Tokyo E-Prix : accusations d’anti-jeu, stratégie controversée et clash entre da Costa et Wehrlein

La première course de l’E-Prix de Tokyo a basculé dans la controverse avec une dispute majeure entre deux rivaux pour le titre en Formula E, Antonio Felix da Costa et Pascal Wehrlein. Au cœur de la tempête : une stratégie d’Envision jugée provocatrice par plusieurs acteurs, puis une séquence de contacts qui a fini en chaos.
Tout s’est accéléré à l’ouverture de la fenêtre d’arrêt, quand la dynamique de course a changé brutalement et que les voitures se sont regroupées dans un enchaînement étroit, menant à des touches répétées et à des accusations d’anti-jeu.
Le point de départ : pénalité, adaptation et pari sur l’Attack Mode
Envision a modifié sa stratégie après que Sébastien Buemi a reçu une pénalité de cinq secondes pour un contact avec Nyck de Vries dès le premier tour, quand le peloton s’est retrouvé comprimé au virage 7.
L’équipe a ensuite tenté un coup fort : un passage anticipé en Attack Mode de six minutes au tour 14. Buemi a alors progressé de la 13e à la 2e place au tour 18.
Fenêtre d’arrêt : le rythme chute et le peloton se referme
Lorsque la fenêtre d’arrêt habituelle s’est ouverte et que les voitures ont commencé à s’arrêter, Buemi a soudainement réduit son rythme. Cette baisse a permis à Edoardo Mortara, da Costa et Wehrlein, alors 3e, 4e et 5e, de revenir très vite sur l’Envision à l’approche des virages 6 et 7.

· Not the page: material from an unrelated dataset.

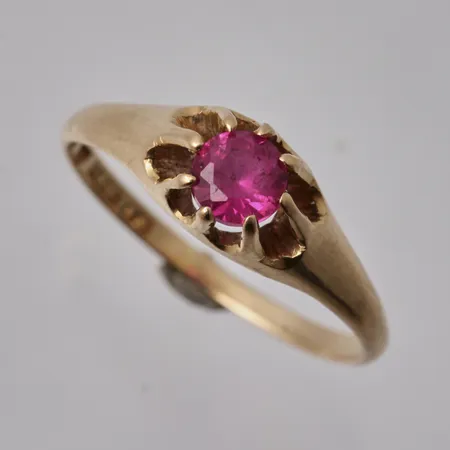  Ring i 18K guld, stl 17½, bredd 1,6-6,3mm, 1 rosa sten, mått Ø4,4mm, vikt 1,95g.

The former teammates collided at Turn 8 😅
— Formula E (@FIAFormulaE) July 25, 2026
A collision between DAC and Wehrlein sends the former into the wall #TDKTokyoEPrix #FormulaE pic.twitter.com/2iHEnHbIdA
Contacts en série : aileron cassé, suspension touchée et sortie dans le TecPro
Dans la confusion qui a suivi, Wehrlein et da Costa se sont touchés plusieurs fois. La Porsche a subi des dégâts avec un aileron et une suspension endommagés, tandis que le pilote Jaguar a terminé dans la barrière TecPro.
La colère de da Costa : “C’est très anti-sportif”
Da Costa s’est dit “très déçu”, estimant que sa course était “parfaite” et qu’il disposait de “plus de deux pour cent” sur les leaders. Selon lui, la stratégie semblait idéale pour viser la victoire, avec au besoin une bataille à prévoir avec Dan Ticktum.
Il a surtout pointé la chute de rythme au moment de l’ouverture de la fenêtre d’arrêt : “Pour une raison que je ne comprends pas, quand la fenêtre d’arrêt s’est ouverte, Buemi a tiré le frein à main et a perdu quatre secondes en trois virages. C’est très anti-sportif.”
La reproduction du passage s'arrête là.